5.000 Peserta War Tiket Alfamart Run di Tengah Demam Sport Entertainment

KOMPAS.com – Memasuki tahun kelima, Alfamart Run menghadirkan perpaduan olahraga dengan hiburan dalam satu pengalaman.

Alfamart Run tidak hanya menawarkan pengalaman lari 5K dan 10K, tetapi juga menghadirkan rangkaian hiburan, hadiah, hingga goodie bag yang menjadi salah satu daya tarik bagi para peserta.

Sebanyak 5.000 peserta akan mengikuti Alfamart Run yang sekaligus menjadi bagian dari perayaan ulang tahun ke-27 Alfamart di Plaza Parkir Timur, Jakarta, Minggu (18/10/2026).

Antusiasme masyarakat terhadap Alfamart Run sudah terasa sejak pendaftaran dibuka di aplikasi Alfagift melalui sistem war tiket. Panitia juga menyediakan sistem balot bagi calon peserta yang memenuhi persyaratan.

Tingginya minat terhadap Alfamart Run membuat ajang ini berkembang bukan hanya sebagai perlombaan lari, melainkan juga sebagai gelaran sport entertainment dengan berbagai pengalaman bagi peserta.

Marketing Director Alfamart Ryan Alfons Kaloh mengatakan, Alfamart Run merupakan bentuk inovasi perusahaan dalam menghadirkan kegiatan yang dekat dengan masyarakat.

Hal itu ia sampaikan dalam agenda konferensi pers Alfamart Run 2026 di Alfa Tower, Senin (14/9/2026).

Memasuki penyelenggaraan kelima, lanjut Ryan, konsep acara terus dikembangkan agar pengalaman peserta tidak berhenti pada aktivitas berlari.

“Alfamart merupakan gerai komunitas yang dekat dengan masyarakat.
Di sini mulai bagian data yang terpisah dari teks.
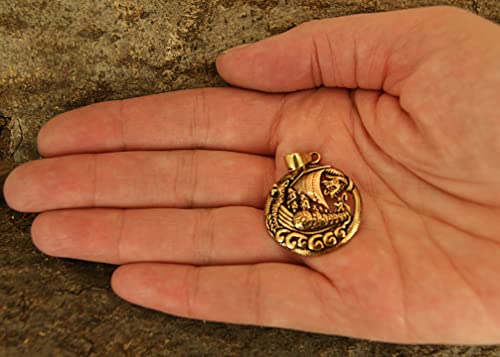 Colgante de barco vikingo de bronce n.º 153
Karena itu, setiap kegiatan yang kami hadirkan terus dikembangkan agar memberikan pengalaman lebih dari sekadar aktivitas utama. Pada Alfamart Run tahun ini, lari tetap menjadi esensi utama, tetapi kami melengkapinya dengan hiburan dan berbagai pengalaman lain yang dapat dinikmati peserta,” ujarnya dalam rilis pers yang diterima Kompas.com, Selasa (15/9/2026).

Lari dan hiburan

Daya tarik dari kegiatan tersebut adalah goodie bag yang diproduksi oleh usaha mikro kecil menengah (UMKM) Intako Tanggulangin, Sidoarjo. Ukurannya dibuat lebih besar dibandingkan dengan kegiatan sebelumnya.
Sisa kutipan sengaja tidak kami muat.